• [Work request]: Extract only the lines from the start of the entries below to the line with "NY license plate HEM6968", inclusive; omit every picture.

• [Available data]:
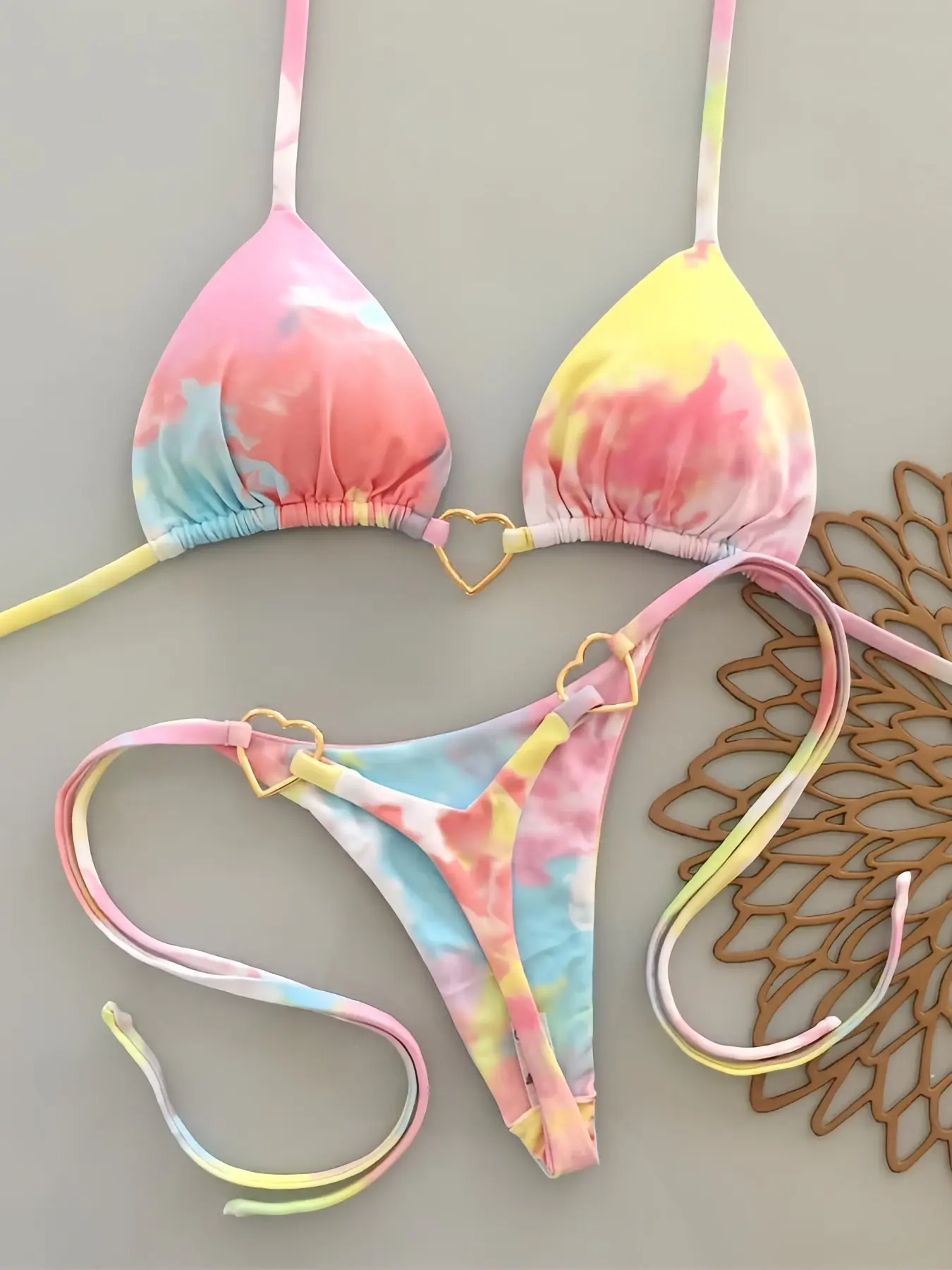 Women's Sexy Stylish Bikini Set Two-Piece Printed Bathing Suit Bikini Swimsuit, Summer Beachwear Triangle Top Thong Bottom, All Season Fitted Swimwear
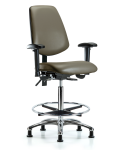 Vinyl Chair Chrome - High Bench Height with Medium Back, Adjustable Arms, Chrome Foot Ring, & Stationary Glides in Taupe Supernova Vinyl VHBCH-MB-CR-T0-A1-CF-RG-8809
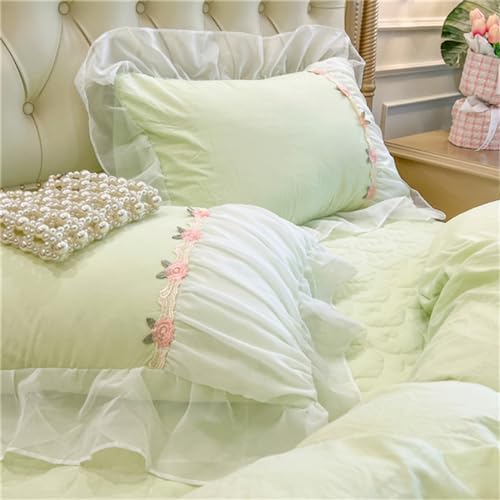 MOOWOO Green Lace Ruffle Duvet Cover Set - Queen Size 3 Piece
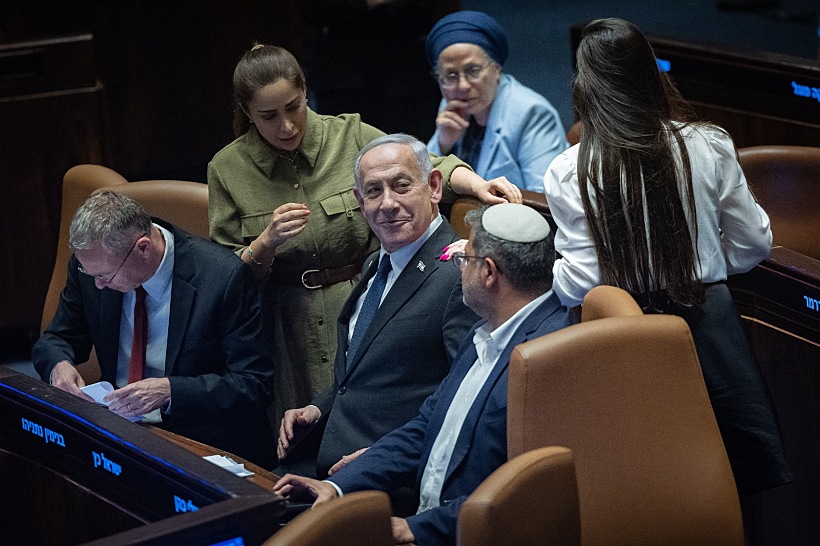 רה"מ נתניהו עם השרים איתמר בן גביר, יריב לוין מאי גולן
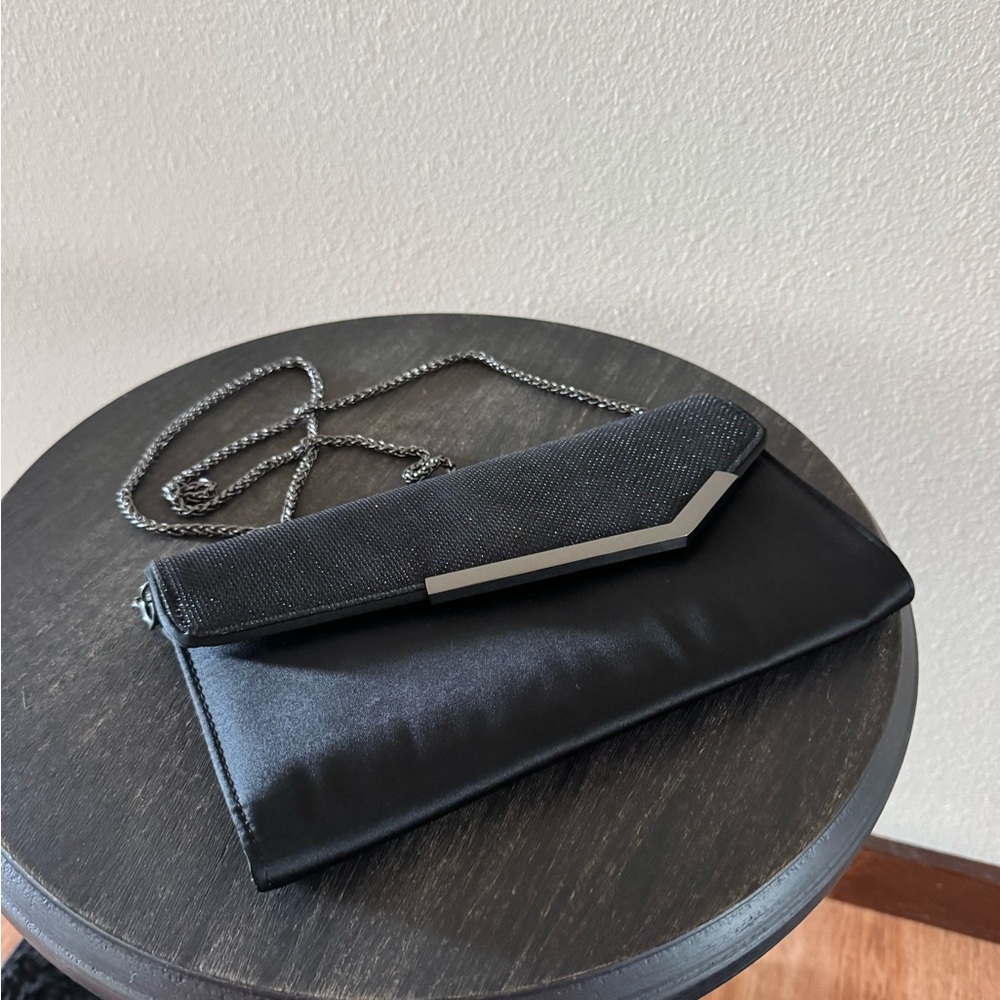White House Black Market Black Satin Clutch with Chain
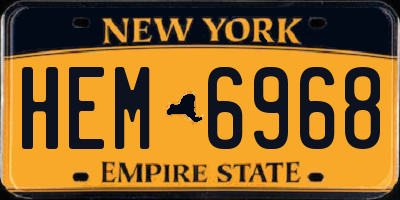 NY license plate HEM6968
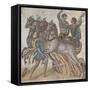 Mosaic Work Depicting a Chariot Race-null-Framed Stretched Canvas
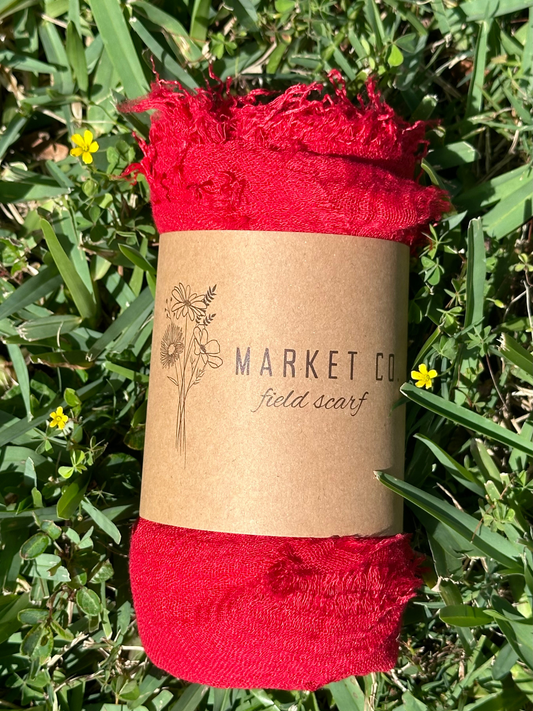 Gauze Scarf - Red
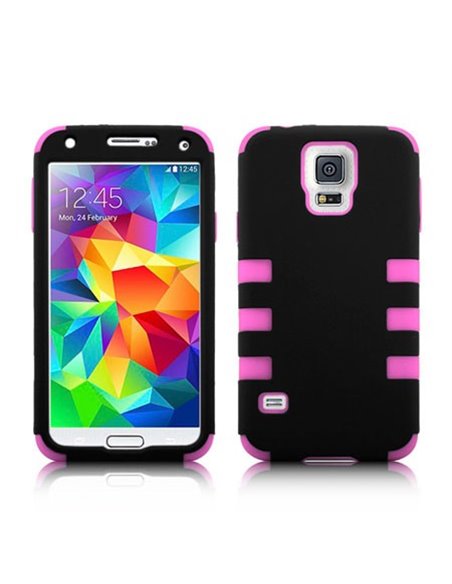 CUSTODIA BACK RIGIDA per SAMSUNG G900F GALAXY S5, GALAXY S5 NEO G903F, GALAXY S5 PLUS COLORE NERO CON INSERTI ROSA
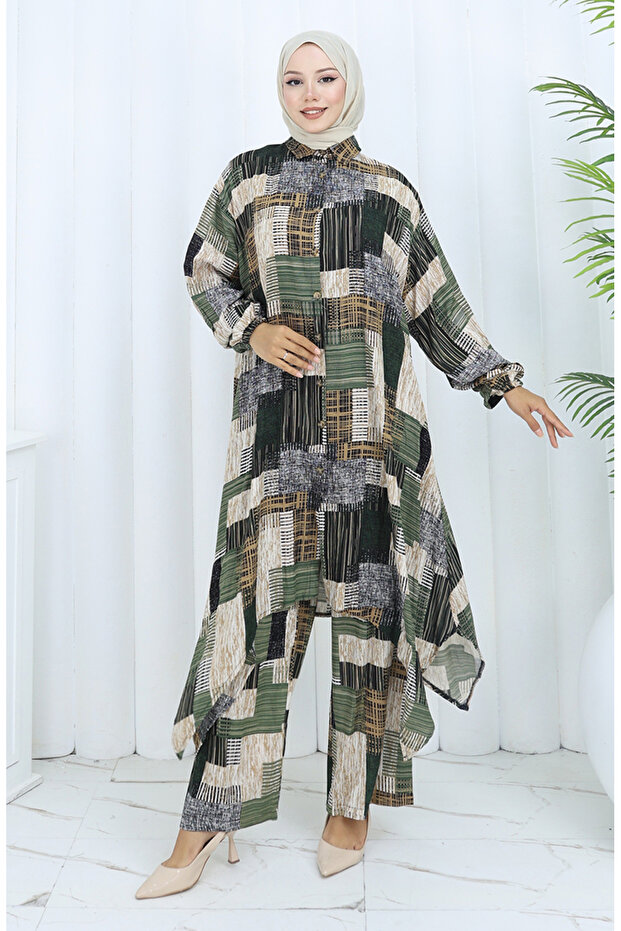 Viscose Fabric Tunic Trousers Double Set 2139-01 Khaki Mink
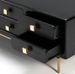 Meuble TV 8 tiroirs bois massif noir et pieds métal doré 160 cm - Photo n°2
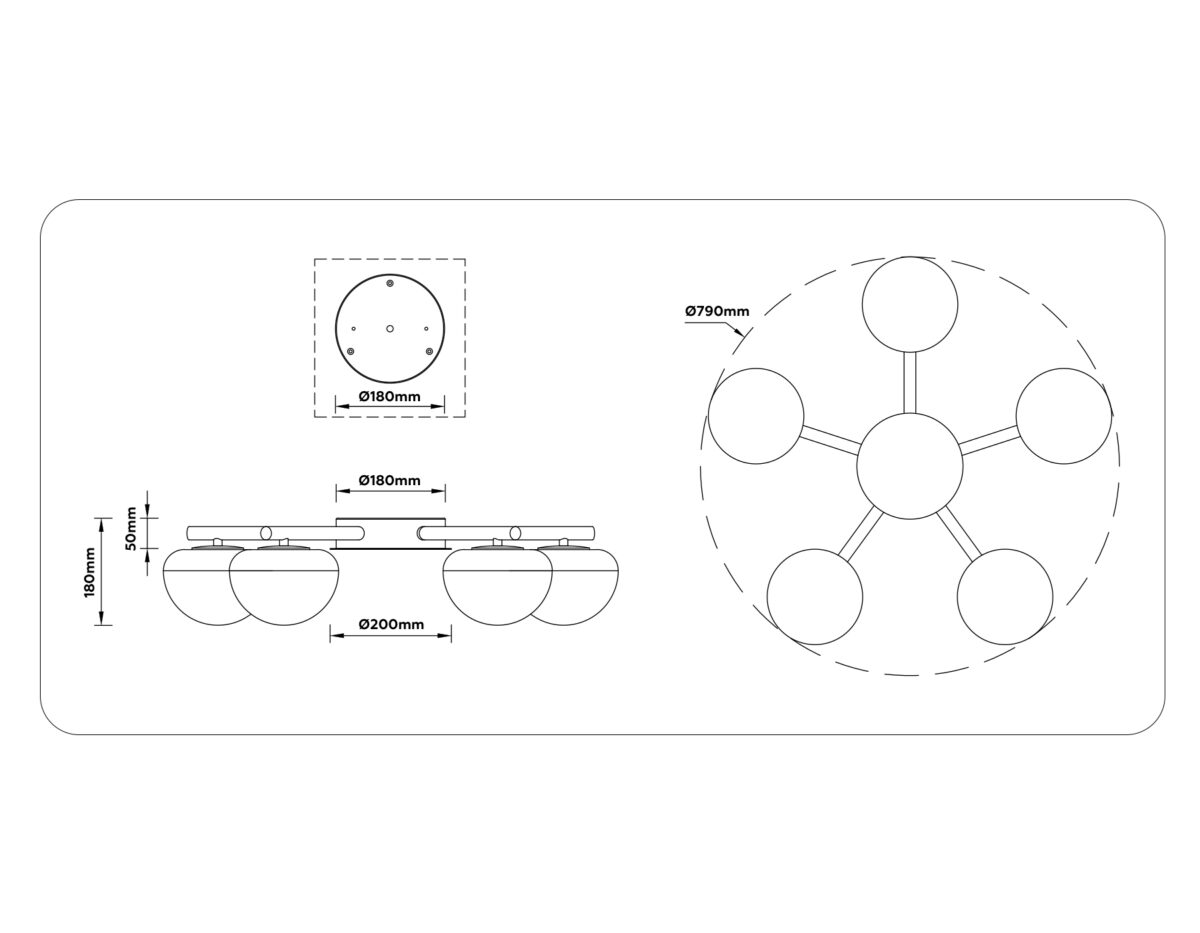 LH12009/5 BK/GD/SM черный/золото/дымчатый 30W 3000K D790*180 — изображение 6
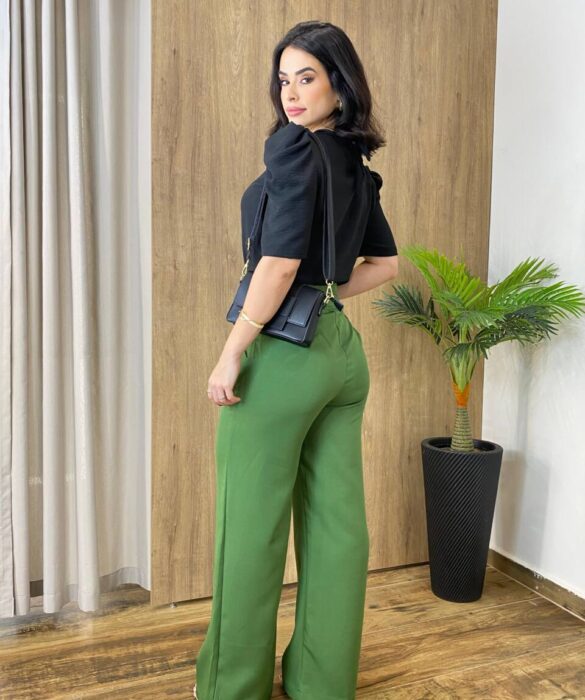 Calça Feminina Alfaiataria Pantalona Jade Verde - Fernanda Ramos Store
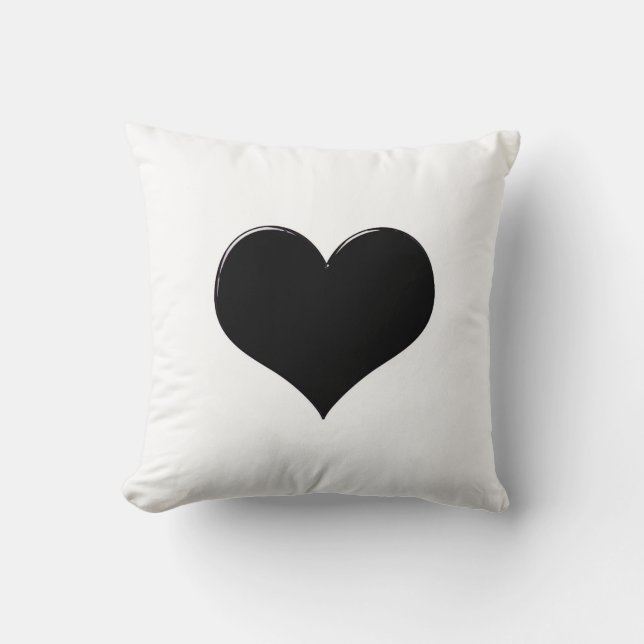 Black heart on white, pillow. cushion (Front)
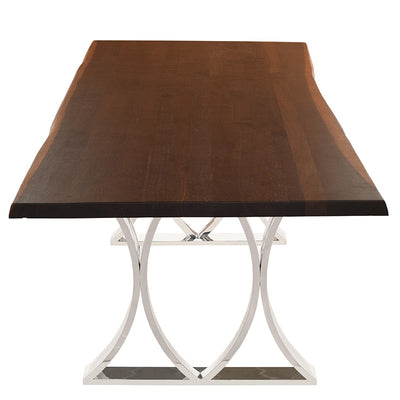 78" Sleek Seared Oak & Polished Steel Executive Desk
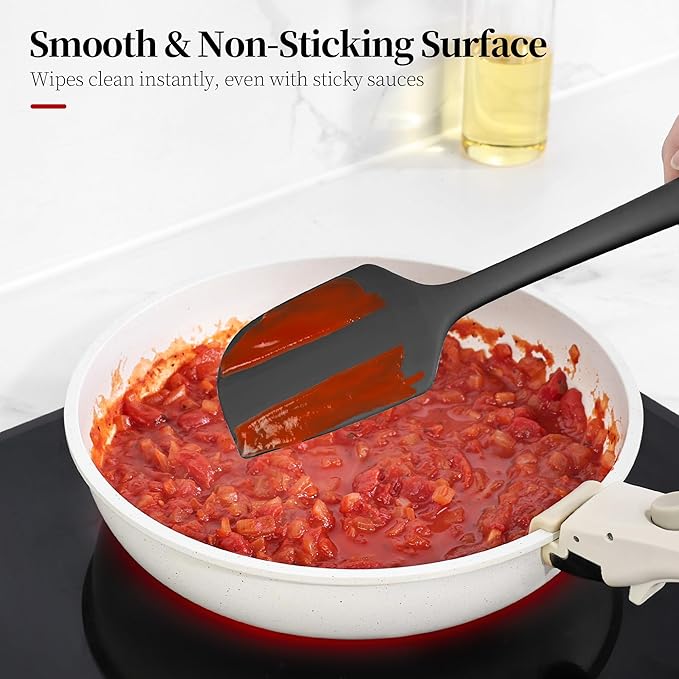 600ºF Heat Resistant Spatula, 11.34 inch High Heat Food Safe Semless Kitchen Silicone Scraper for Cooking Baking Mixing Scraping Stirring Nonstick Cookware Pan Bowl (Black)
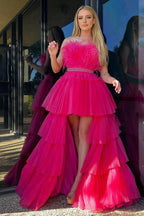 Fuchsia A-line High-Low Strapless Ruffled Tulle Prom Dress with Feathers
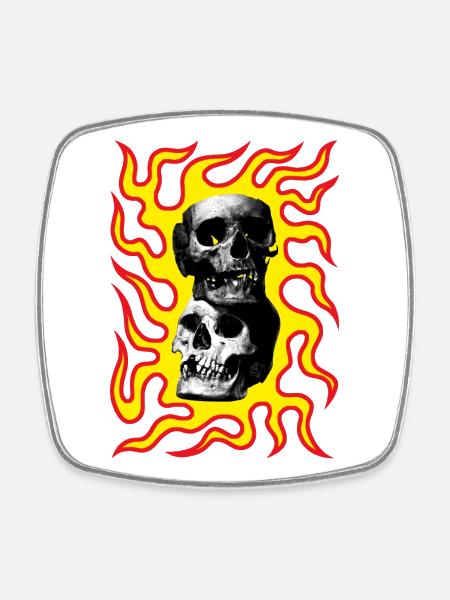 Crânes en feu de l’enfer - Magnet carré - blanc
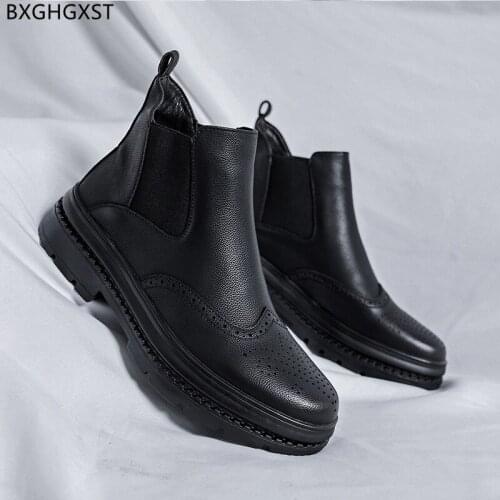 Fashion Winter Boots Men Luxury Brand Shoes Men Boots Casual Designer Chelsea Boots for Men Male Leather Shoes for Man 2021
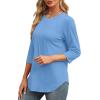 imageXIEERDUO 34 Length Sleeve Womens Tops Round Neck Casual Tunic Tops Basic Pleated Shirts Loose Fit 2025Light Blue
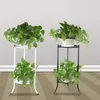 Black White Metal Floor Two-layer Elegant Metal Plant Stand Shelf Flower Pot Rack Holder for Green plant T200104204F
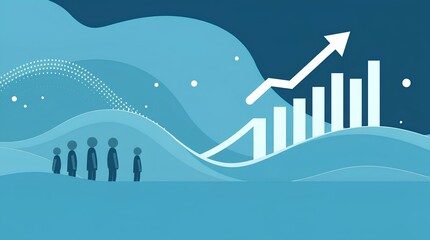 minimalist blue line chart with abstract people showing market trends and analytics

• [Solution to this task]:
 Women's Sexy Stylish Bikini Set Two-Piece Printed Bathing Suit Bikini Swimsuit, Summer Beachwear Triangle Top Thong Bottom, All Season Fitted Swimwear
 Vinyl Chair Chrome - High Bench Height with Medium Back, Adjustable Arms, Chrome Foot Ring, & Stationary Glides in Taupe Supernova Vinyl VHBCH-MB-CR-T0-A1-CF-RG-8809
 MOOWOO Green Lace Ruffle Duvet Cover Set - Queen Size 3 Piece
 רה"מ נתניהו עם השרים איתמר בן גביר, יריב לוין מאי גולן
White House Black Market Black Satin Clutch with Chain
 NY license plate HEM6968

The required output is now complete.